Additionally, a taped interview with Sen. John Kerry ran on Tuesday, offering another controversial statement on gay “marriage” from the presidential candidate. Kerry played well with the MTV crowd and received a warm welcome from the MTV News “reporter.”
The lingering question in many minds is this: Will President Bush appear on “Choose or Lose”? But the more pressing question is what President Bush would gain through such an appearance.
The nature of Music Television is to push the boundaries and challenge the standards. That’s the path they have taken since the beginning in their constant pursuit of the young demographic. MTV would love nothing more than to defy the president of the United States. It would bring ratings, hype and controversy – the very core of the network.
Furthermore, MTV is a sister network to CBS – both companies have been targets of a Federal Communications Commission crusade for broadcast decency. Moreover, another sister network is Infinity Radio, which airs the Howard Stern show – another target of FCC fines. The Viacom-owned MTV may have ulterior motives in such an interview and undoubtedly could seek to embarrass the president.

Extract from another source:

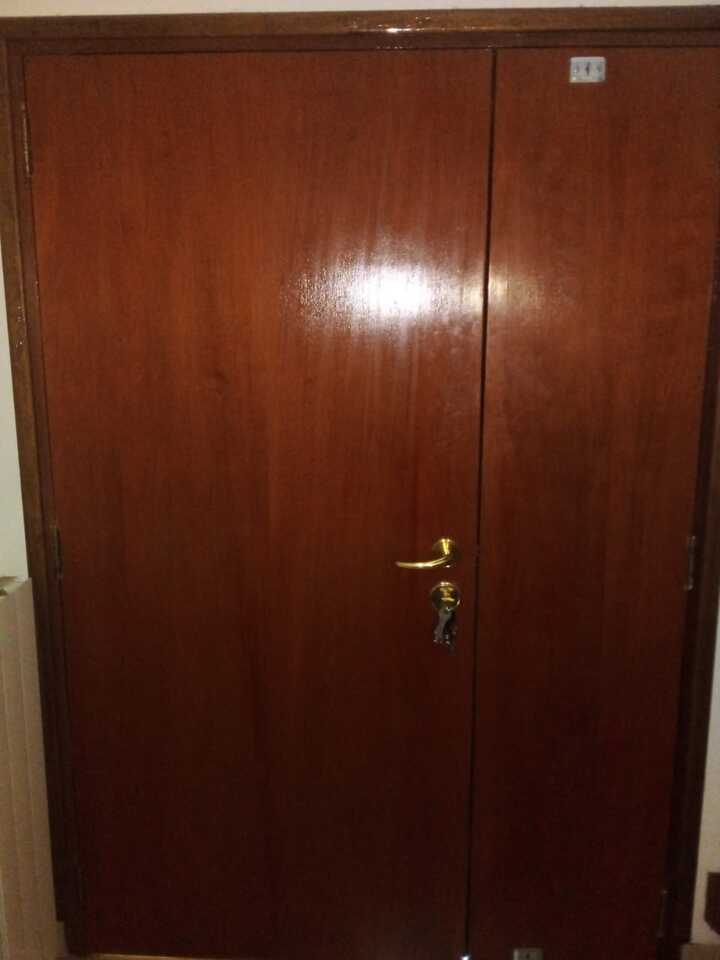 Puerta acorazada doble de madera lisa instalada en acceso interior de vivienda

Lastly, if Republicans and conservatives stand for anything, their antithesis would be MTV and its parent network. Viacom is the figurehead of the entertainment industry, pushing its liberal biases through CBS News, selling its vulgar immorality as entertainment on channels like MTV, and filling our theaters with trash every year.
If George W. Bush were to come on the network, MTV has everything going to set him up for failure. The host, the producers and the audience, filled with teenagers seeking their 15 minutes of fame, would desire to see a PR disaster.
Even if President Bush were to pull off a first-rate performance, the likelihood of the GOP energizing the teen base through such an appearance is slim. The same high school and college students who watch “Pimp My Ride” are not going to be inspired by seeing Bush on MTV. Politically, the Bush campaign desires to reach out to the young adult crowd, but reality proves how that demographic prefers apathy over concern.
The 18-30 year old demographic, which is 30 million strong, accounted for less than 4 percent of the entire voting population in 2000. Despite efforts from questionable organizations like Rock the Vote, the voter turnout from young people is not expected to radically change this coming November.
Many point to this election year as being a mirror to the 1992 presidential campaigns of George H.W. Bush and Bill Clinton. That year, both candidates appeared on “Choose or Lose,” and we could see the same this year. In ’92, Clinton was exalted on the network and many pundits noted as much, but the same writers observed a PR disaster on the part of the Bush campaign – a likely plan from MTV.
Past all the politics and hype, the reality is this: Whatever the motives of MTV, a Bush crash and burn would equal success to them. No matter how much Republicans might wow the youthful viewers on “Choose or Lose,” it’s unlikely to translate into anything substantial in November. Nothing good could come of a Bush campaign appearance on MTV, but everything could go wrong.
Politically, when it comes to MTV, President Bush should just stay away from Music Television to avoid a replay of ’92. Moreover, when it comes to morality and principles, President Bush should send a message and energize sincere young people by holding a higher standard.